**PROBLEM STATEMENT:** Would you return the data exactly as given, except for its pictures?

**Brief descriptive captions:**

▼

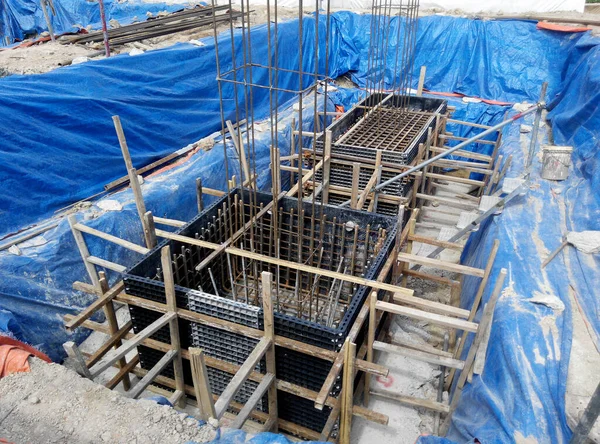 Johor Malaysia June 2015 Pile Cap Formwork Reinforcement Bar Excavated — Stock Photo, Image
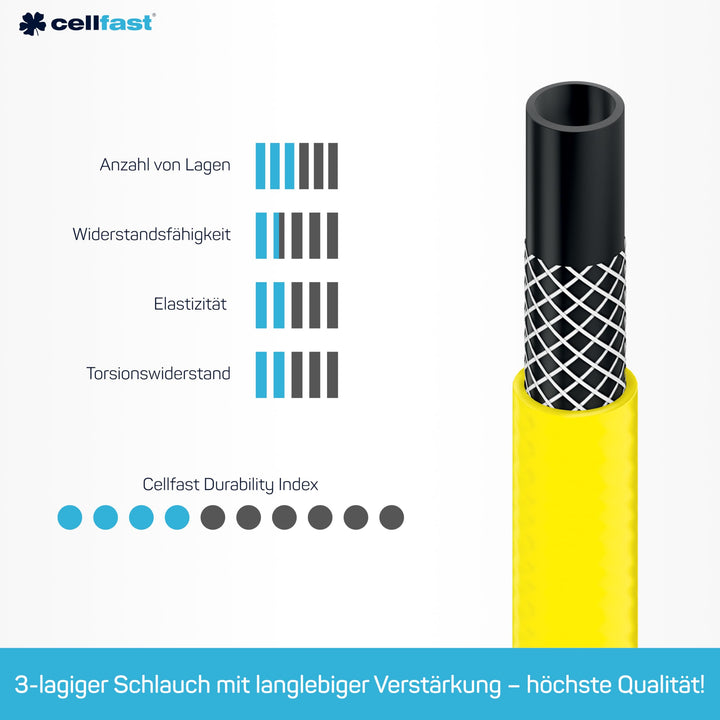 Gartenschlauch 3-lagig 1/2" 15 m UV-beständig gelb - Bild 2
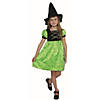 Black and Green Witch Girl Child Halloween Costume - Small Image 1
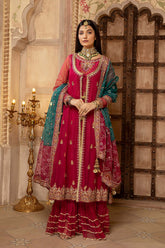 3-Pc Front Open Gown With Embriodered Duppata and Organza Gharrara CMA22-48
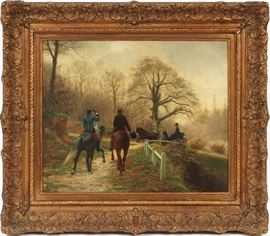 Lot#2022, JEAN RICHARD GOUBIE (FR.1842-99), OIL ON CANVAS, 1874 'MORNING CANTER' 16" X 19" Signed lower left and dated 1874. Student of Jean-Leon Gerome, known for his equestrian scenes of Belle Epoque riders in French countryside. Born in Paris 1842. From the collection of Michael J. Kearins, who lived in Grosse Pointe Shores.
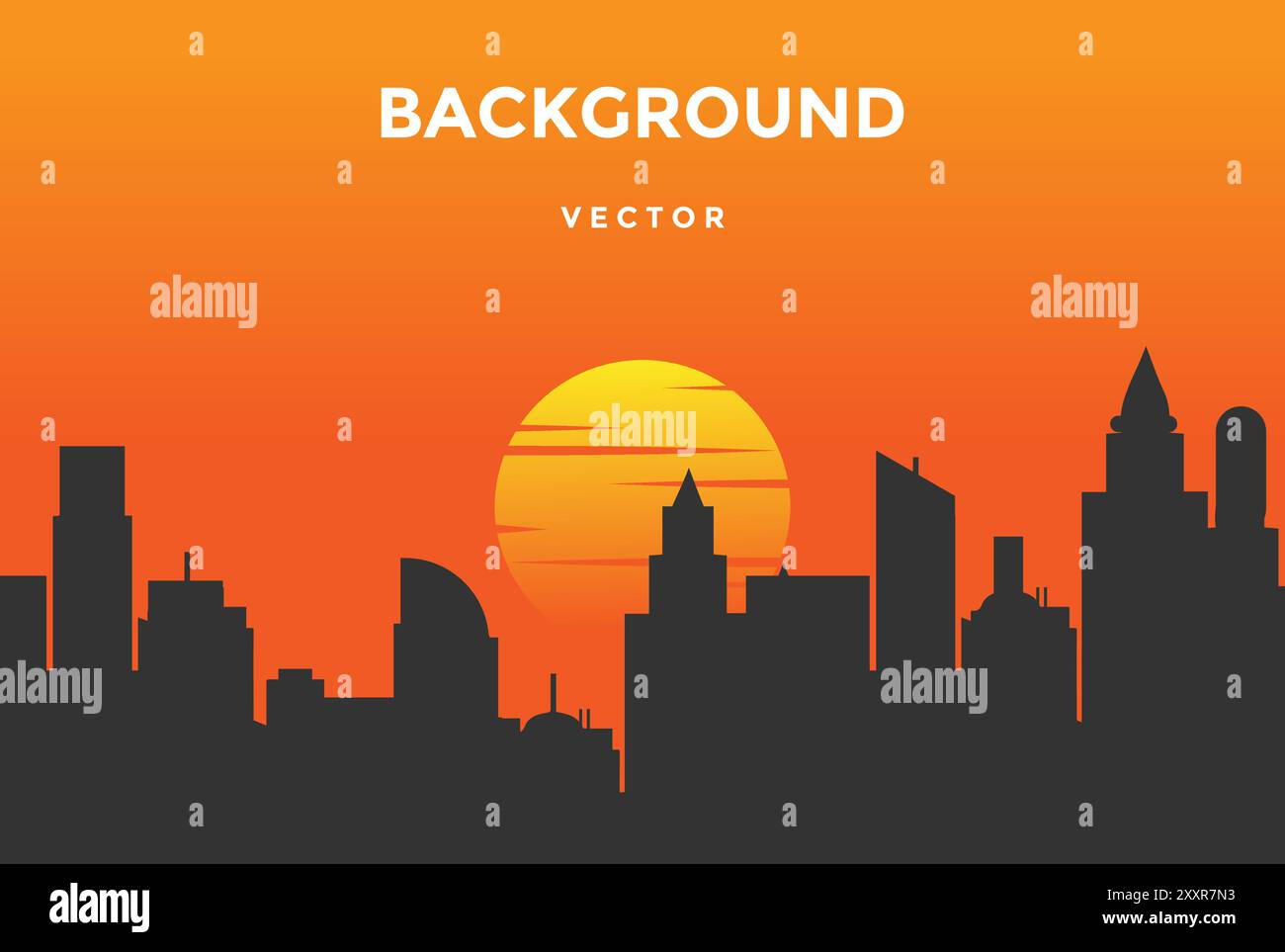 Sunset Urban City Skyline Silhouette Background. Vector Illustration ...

▲

**TASK RESULT:**
 Johor Malaysia June 2015 Pile Cap Formwork Reinforcement Bar Excavated — Stock Photo, Image
 Gartenschlauch 3-lagig 1/2" 15 m UV-beständig gelb - Bild 2
 Black and Green Witch Girl Child Halloween Costume - Small Image 1
 3-Pc Front Open Gown With Embriodered Duppata and Organza Gharrara CMA22-48
 Lot#2022, JEAN RICHARD GOUBIE (FR.1842-99), OIL ON CANVAS, 1874 'MORNING CANTER' 16" X 19" Signed lower left and dated 1874. Student of Jean-Leon Gerome, known for his equestrian scenes of Belle Epoque riders in French countryside. Born in Paris 1842. From the collection of Michael J. Kearins, who lived in Grosse Pointe Shores.
 Sunset Urban City Skyline Silhouette Background. Vector Illustration ...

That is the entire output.